Work to complete: Restate word for word the lines in the listing below, starting at the line containing "Postal Bandera de Jamaica (Anverso)" and ending at the line containing "L565 图解 永久版-卓盛打印机网", both included; leave out the rest.

(Beginning of Supplied material)

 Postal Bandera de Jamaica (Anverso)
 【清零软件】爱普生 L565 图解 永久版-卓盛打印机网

(End of Supplied material)
(Beginning of Supplied material)

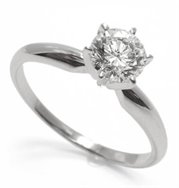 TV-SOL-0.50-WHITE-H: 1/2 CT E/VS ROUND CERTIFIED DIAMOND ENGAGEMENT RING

(End of Supplied material)
(Beginning of Supplied material)

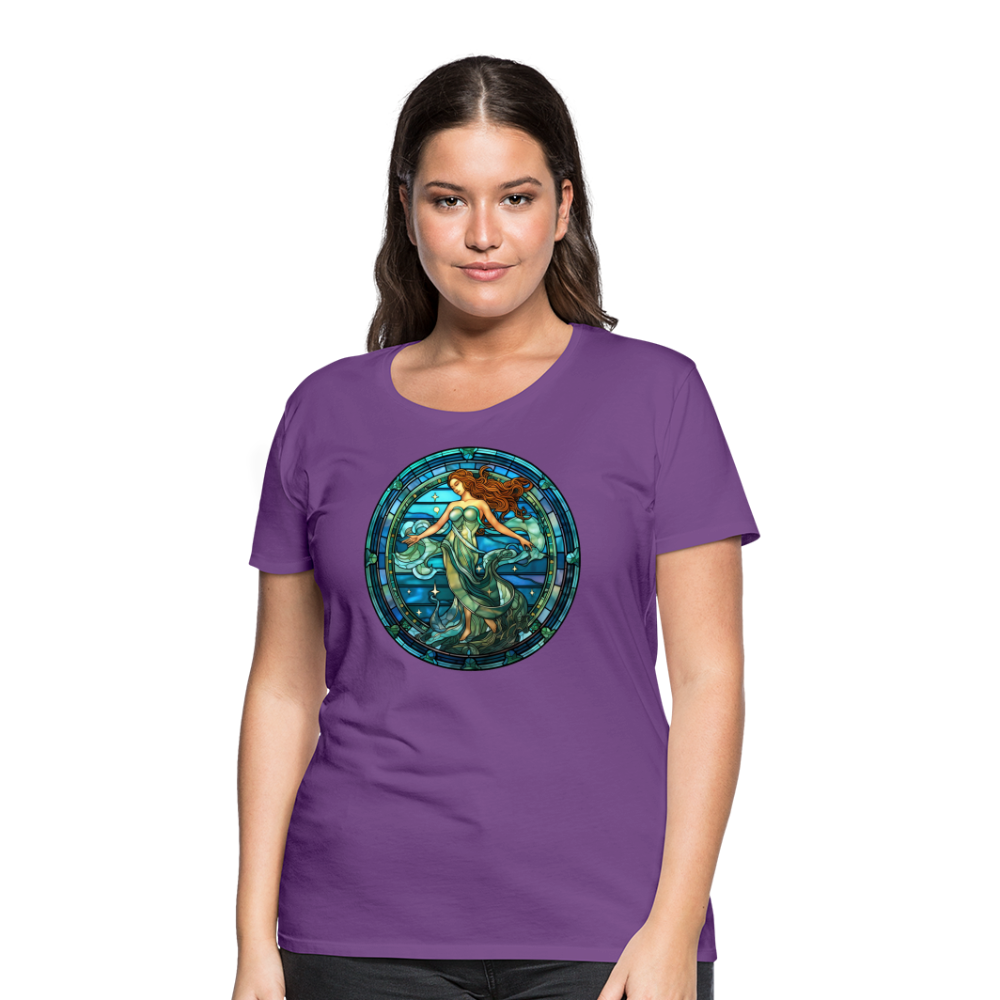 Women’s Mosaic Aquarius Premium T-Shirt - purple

(End of Supplied material)

Solution to this exercise:
 Postal Bandera de Jamaica (Anverso)
 【清零软件】爱普生 L565 图解 永久版-卓盛打印机网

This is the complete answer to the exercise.